# lead acid battery storage



## Just John (May 4, 2011)

Battery wholesaler wants to store batteries in racks over 8 ft. high.

2009 IFC

Section 2703.11 gets specific for group M and S

Section 2703.11.1 allows 975 gallons of corrosives per control area

Section 2703.11.3.2 allows 8 ft. height for storage

Question: 1)If you want to go higher than 8 ft. in a S occupancy,  would it then have to be in a H occupancy no matter how many gallons of corrosive?

It seems strange that a B, E, or I, for example you can have up to the MAQ of 500 gallons and have no height limit. 2) Why not a S with 500 gallons with no height limit.


----------



## mtlogcabin (May 4, 2011)

Are the batteries dry? When I worked in the motorcycle/auto parts industry all batteries where shipped and stored dry. We added the acid and charged them before they went onto the sales floor. Its been over 10 years though just asking


----------



## Just John (May 4, 2011)

Batteries are not dry. They have the acid and water mix already in them.


----------



## cda (May 4, 2011)

Not sure if 27 would apply to this set up

Because each battery has a certain amount of liquid

Yes total of all the batteries would be up there

Take it non sprinkled building???


----------



## Just John (May 5, 2011)

They have not choosen a location yet. They do not know if they need a sprinklered building yet working with control areas. They want to know how high rack storage can go. 2703 specifically says S occcupancy 8 ft. Do you have to be H to go higher?  Would that apply only if over 500 -975 gallons? If other occupancies are not restricted for the storage height for 500 gallons... it doesn't make sense to me.


----------



## FyrBldgGuy (May 5, 2011)

There is a limit of 50 gallons of acid in batteries before special considerations have to be met.  The question is not just storage of a corrosive.


----------



## permitguy (May 5, 2011)

> There is a limit of 50 gallons of acid in batteries before special considerations have to be met.


Are you referring to 608?  I don't think that would be applicable to the situation being described (warehouse storage).



> 2703 specifically says S occcupancy 8 ft. Do you have to be H to go higher?


You've raised an excellent question, and I don't know the answer.  My initial reading would suggest you can't go higher than 8', period.  I see your point on the lack of such a restriction for the other occupancies, but that is generally a non-factor for them.  The other thing to consider is the commodity classification of the plastic.  For instance, bulk storage of Group A plastics over 6' is high-piled storage.

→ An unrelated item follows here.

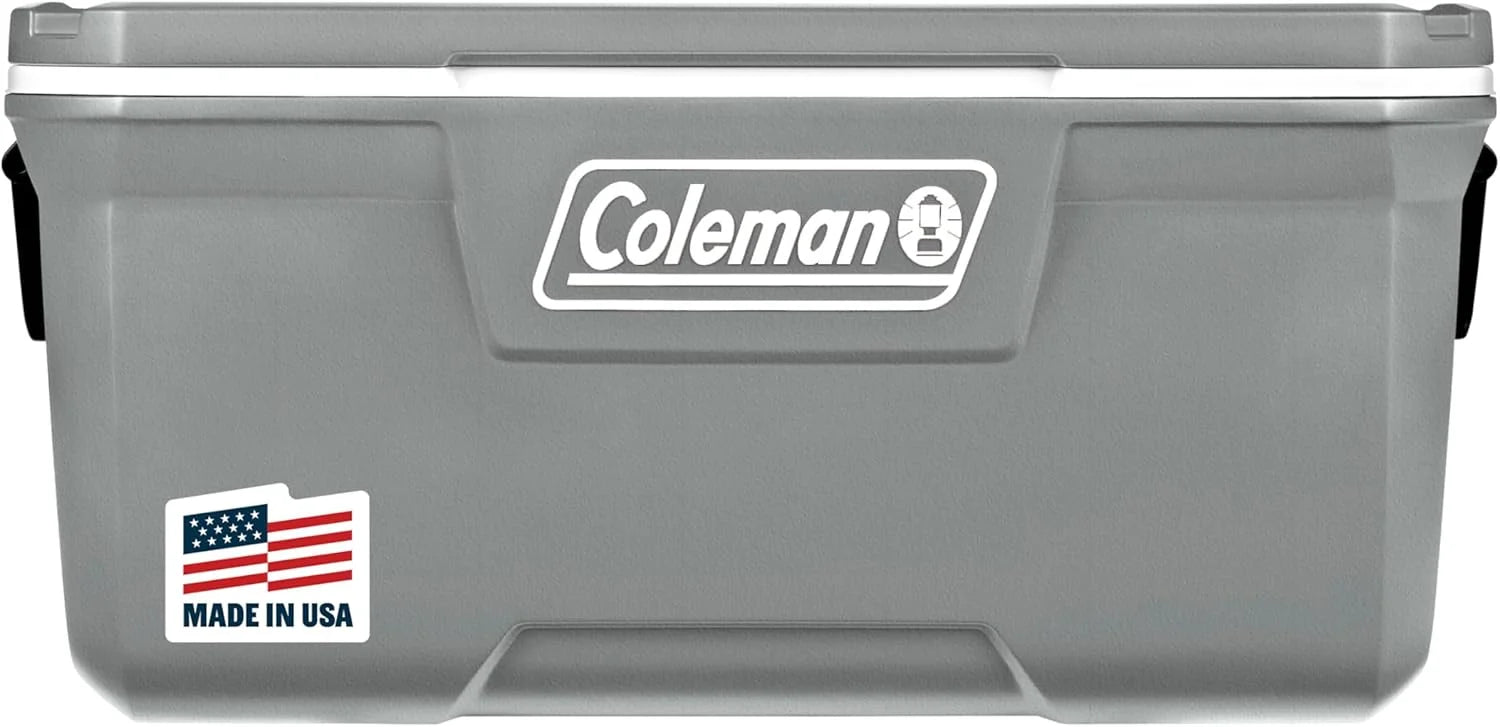Special Classic Series Insulated Portable Cooler, Leak-Resistant Outdoor Hard Cooler Keeps Ice up to 5 Days - Image 4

I'm curious for others to chime in.  It is VERY possible I'm missing something, as I don't deal with these issues frequently enough to know all the factors.


----------



## cda (May 5, 2011)

well I wondering sense there is ----- cups of corrosive in each battery verses say 975 gallons in say five gallon containers, does that kinda of take it out of 27??

seems like it would make a difference

would you have that much liquid released in a fire or spill and especialy if sealed batteries

how about exception # 8 2701.1?????????????


----------



## permitguy (May 5, 2011)

> cups of corrosive in each battery verses say 975 gallons in say five gallon containers, does that kinda of take it out of 27??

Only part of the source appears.